The Federal Trade Commission said Wednesday it will file antitrust charges against memory designer Rambus Inc., accusing the company of manipulating an industry standards group to secure profits by seeking royalties from memory makers worldwide.
Many of the worlds largest memory chipmakers have accused Rambus of illegally taking advantage of its access to a nonprofit industry standards body to spur adoption of technologies the company has already patented, information it kept secret from the group.
In a unanimous vote, the FTCs five board members agreed that the evidence gathered during its investigation, including internal Rambus documents, supported memory makers claims that the company manipulated the workings of a nonprofit industry standards body and then sought millions of dollars in licensing fees from manufacturers who adopted those standards.
In a statement, Rambus denied the accusations.
“At the end of the day, we believe that the FTC process, either at the administrative level or on appeal, will conclude that our actions were entirely appropriate and lawful,” said John Danforth, general counsel for Rambus, based in Los Altos, Calif.
Among the more damning pieces of evidence cited in an FTC complaint was a internal Rambus document stating that following the adoption of standards it promoted, “we will be in a position to request patent licensing (fees and royalties) from any manufacturer.”
The allegations center on Rambus participation in an industry standards body called the Joint Electron Device Engineering Council (JEDEC) from 1992 to 1995. As part of JEDECs rules, participating corporate members are told they must disclose appropriate proprietary claims related to the standards being discussed for possible industry-wide adoption.

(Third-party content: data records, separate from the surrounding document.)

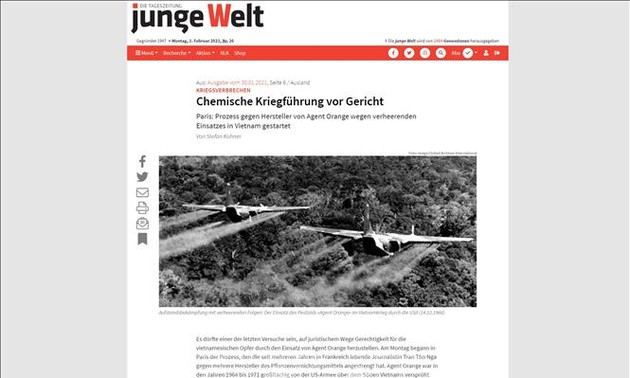 Internationale Medien berichten über Kampf zur Gerechtigkeit für vietnamesische Agent-Orange-Opfer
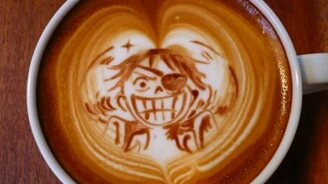 Рисунки в чашке кофе - смотреть видео (7:03)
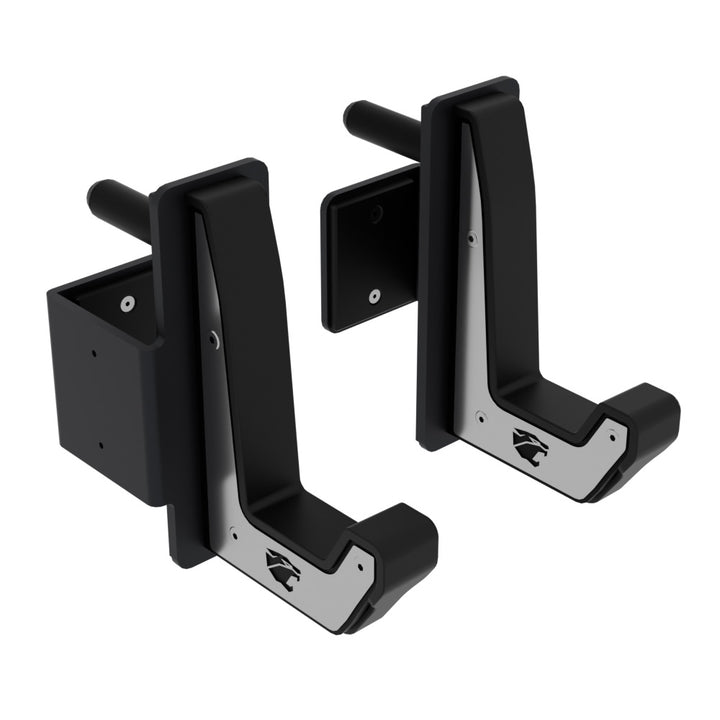 J-Cups / Pro-Kniebeugen-Ablage für Langhantel | Zubehör für Racks (2 Stück)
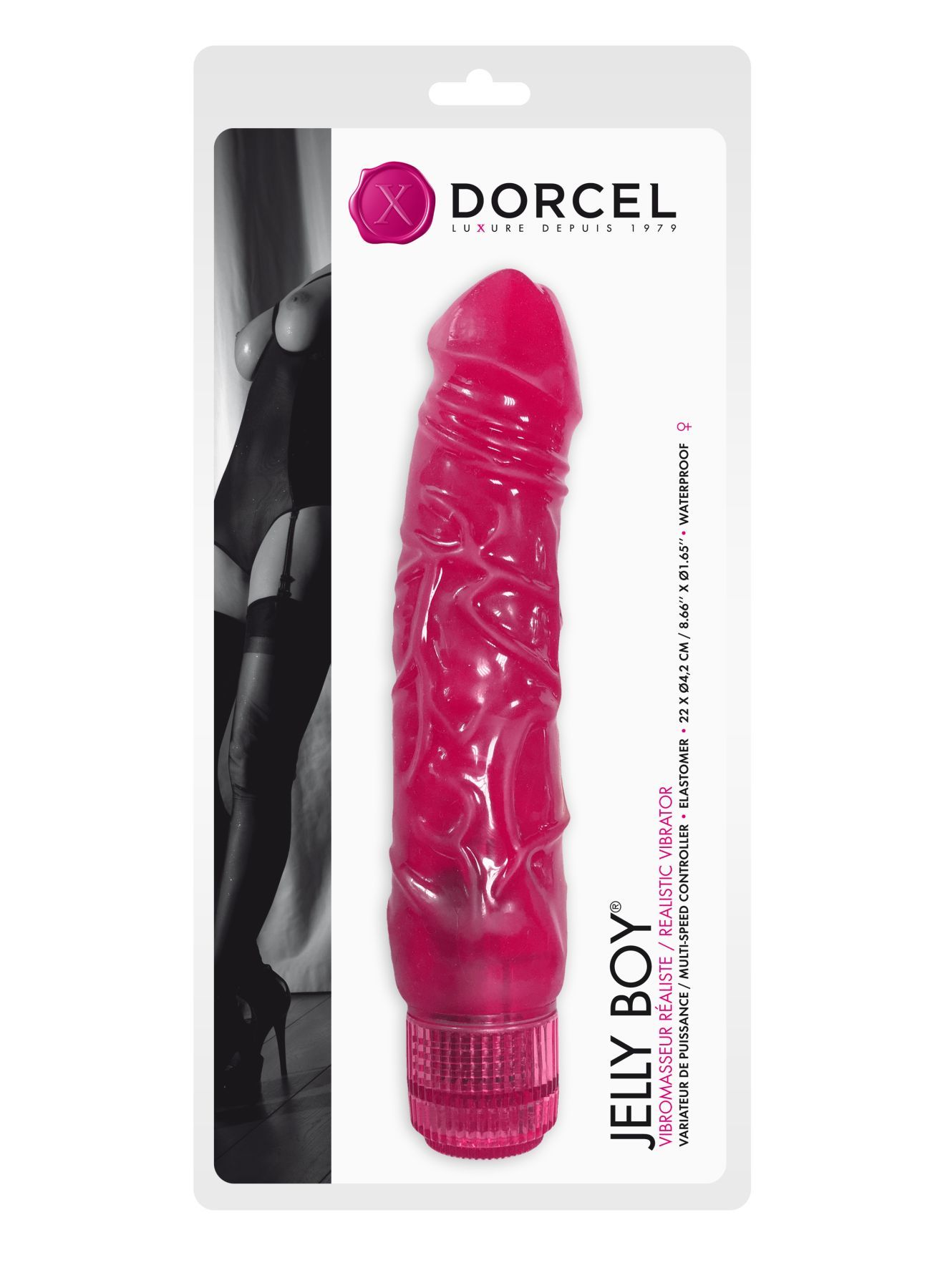 Фалоімітатор вібратор dorcel jelly boy, діаметр 4,2см ТПЕ, плавне регулювання потужності вібрації Фалоімітатор вібратор dorcel jelly boy, діаметр 4,2см ТПЕ, плавне регулювання потужності вібрації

JEDEC members have accused Rambus of failing to disclose its patent filings that were relevant to memory technologies that were being considered for industry adoption. As a result, memory makers claim they unknowingly incorporated potentially proprietary technology into their future chip designs.
Rambus was once expected to derive millions of dollars in revenue from the future adoption of its high-speed memory technology, called Rambus DRAM. RDRAM was once heralded by leading industry player Intel Corp. as the likely successor to the popular selling synchronous DRAM (SDRAM).

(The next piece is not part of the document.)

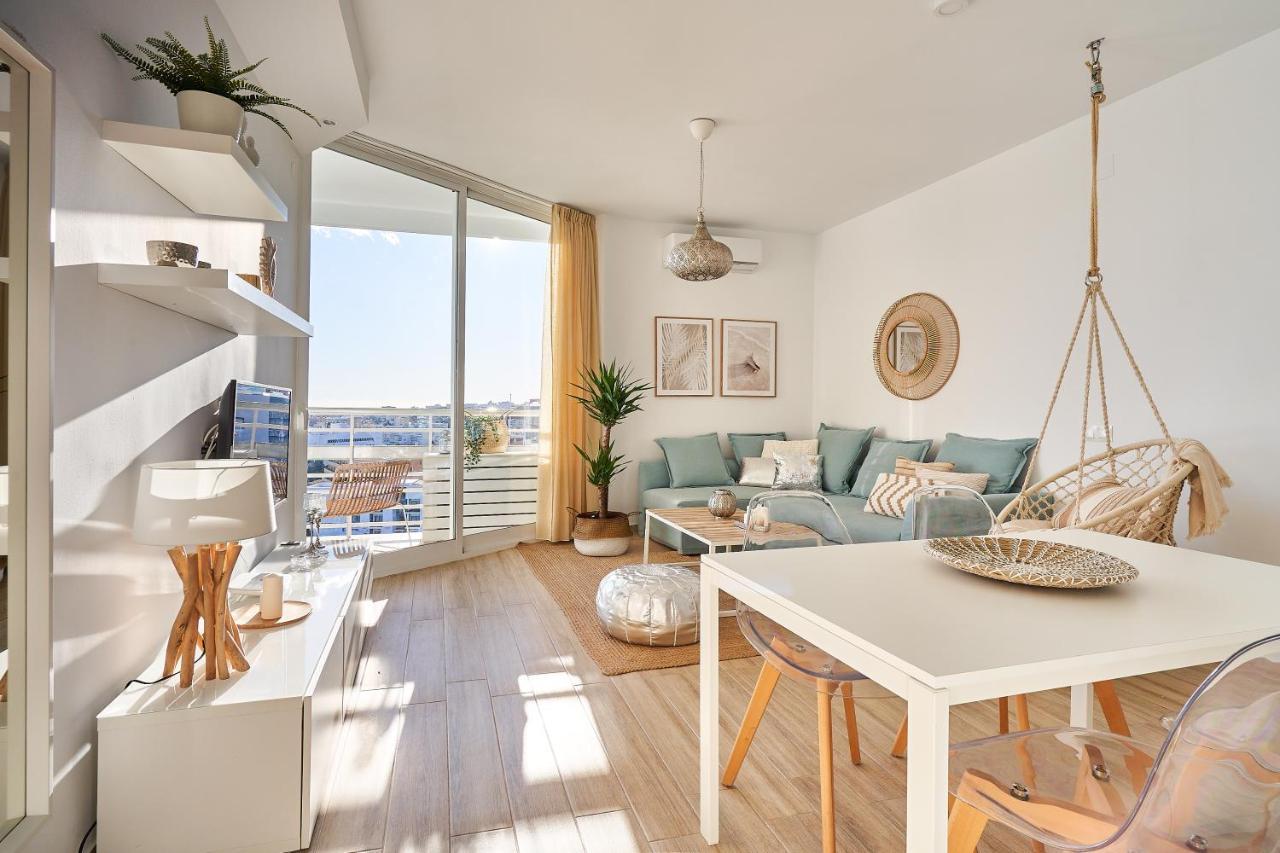 Sunset Beach Charming Apartment With Jacuzzi 托雷莫利诺斯 外观 照片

But the products relatively high costs and the emergence of faster SDRAM and double-date-rate (DDR) DRAM quashed those expectations, leaving RDRAM with only a small niche market.
With demand faltering for RDRAM, Rambus sought to enforce its technology patents to features of the better selling SDRAM and emerging DDR DRAM.
In recent years, several manufacturers, under the threat of litigation from Rambus, have paid the company royalties of up to $100 million, according to the FTC. The companies included Samsung Corp., Hitachi Ltd., NEC Corp. and Toshiba Corp.
Other manufacturers, however, balked at paying and were sued by Rambus, including Micron Technology Inc. and Infineon Technologies Inc.
But Rambus suffered a major setback last fall when a U.S. District Court judge ruled against it and agreed with Infineons claims that Rambus had committed fraud.
The court fined Rambus $350,000, ordered the company to pay $7.4 million to Infineon to cover the Munich, Germany, companys legal fees, and remanded Rambus for filing a “baseless, unjustified and frivolous” lawsuit.
The court then issued a permanent injunction barring Rambus from asserting its claims to SDRAM and DDR SDRAM products made by Infineon. The ruling was largely seen as setting the basis for future government action.
Rambus still has an appeal pending in the Infineon ruling.
Nevertheless, the FTC said Wednesday that it found substantial evidence to support memory makers claims against Rambus.
The companys actions resulted in “substantial harm to important technology markets,” said the director of the FTCs Bureau of Competition, Joseph J. Simons. He said the government was sending a message to the technology industry: “If you are going to take part in a standards process, be mindful to abide by the ground rules and to participate in good faith.”
Rambus counsel Danforth predicted that the FTC will not be able to prove its allegations. “They have set very high hurdles for themselves,” he said.
A federal judge will eventually rule on the FTC complaint after both sides have had an opportunity to present their arguments. Should the judge find in the FTCs favor, industry analysts say, Rambus could lose the potential to lay claim to nearly $1 billion in potential licensing fees.